Mais les USA ont un budget fédéral qui fait près de 20% de leur PIB, ce qui permet de compenser les chocs asymétriques comme on dit, et par ailleurs la mobilité y est plus bien forte (ils sont beaucoup plus près d'une zone monétaire optimale en d'autres termes).
Pour les pays africains, je ne connais pas leur situation. Mais on peut penser que le désavantage d'avoir un euro fort est compensé par la crédibilité pour leurs partenaires extérieurs qu'apporte le fait de savoir que leur monnaie est solide car co-gérée par la banque de France.
Oui, pour leurs partenaires extérieurs, pour les salariés, pour les "riches" du pays ainsi incités à investir...

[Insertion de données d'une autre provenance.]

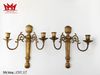 Cặp chân nến 2 nhánh gắn tường được làm bằng đồng.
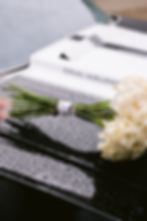 Close-up wedding detail of blue jay remembrance pin honoring bride’s late father during Indiana wedding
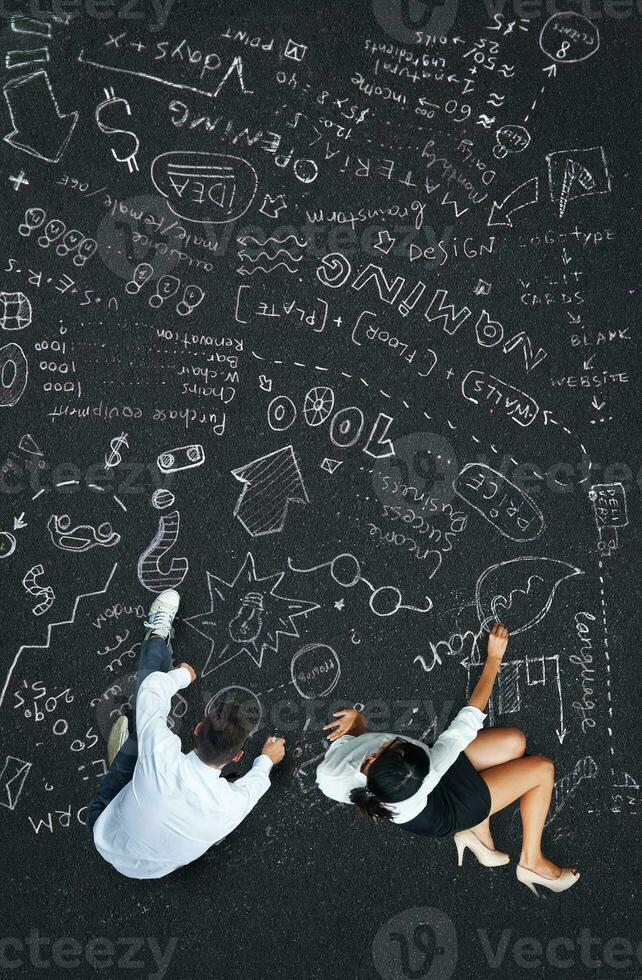 two people sitting on the ground with chalk drawings on the ground photo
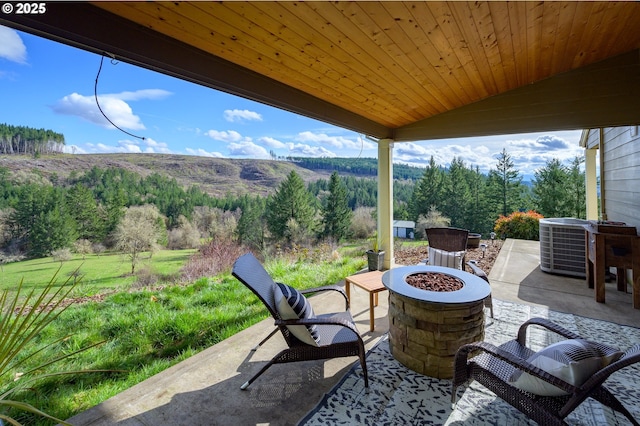 view of patio with a fire pit and central AC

Tout comme nous finalement !
ta pirouette signifie : nous sommes plus crédibles en ayant une monnaie gérée par la BCE qu'en ayant une monnaie nationale ? Alors que la Suisse gère solidement sa monnaie ? Je vois là comme le reflet d'une méfiance des élites de notre pays à l'encontre de leur bon peuple, toujours soupçonné de vouloir faire des bêtises. et du coup la préférence pour un régime absurde et non démocratique plutôt que pour une démocratie française toujours soupçonnée d'être trop conflictuelle. ça va mieux en le disant !
Au risque de passer pour une provocatrice, je vous annonce que, à la manière de l'illusionniste, nos gouvernants vous forcent à regarder la main droite tandis que l'autre vous fait les poches ...

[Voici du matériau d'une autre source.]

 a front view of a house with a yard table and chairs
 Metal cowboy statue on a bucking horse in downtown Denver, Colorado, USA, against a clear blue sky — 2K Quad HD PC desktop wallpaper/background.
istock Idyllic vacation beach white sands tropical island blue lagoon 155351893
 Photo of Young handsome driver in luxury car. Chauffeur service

En effet, le triple A est une foutaise dont profitent les moins scrupuleux, au point d'avoir fait entrer dans les principales normes internationales, des critères inappropriés, par connivence ou ignorance de nos chères élites.
Il en existe d'autres, fixés par la banque mondiale (à la différence du FMI, trop "privé") et le parlement européen par un travail acharné tente de revenir à un encadrement intelligent du monde des affaires et des banques. Allez lire les travaux de la commission ECON.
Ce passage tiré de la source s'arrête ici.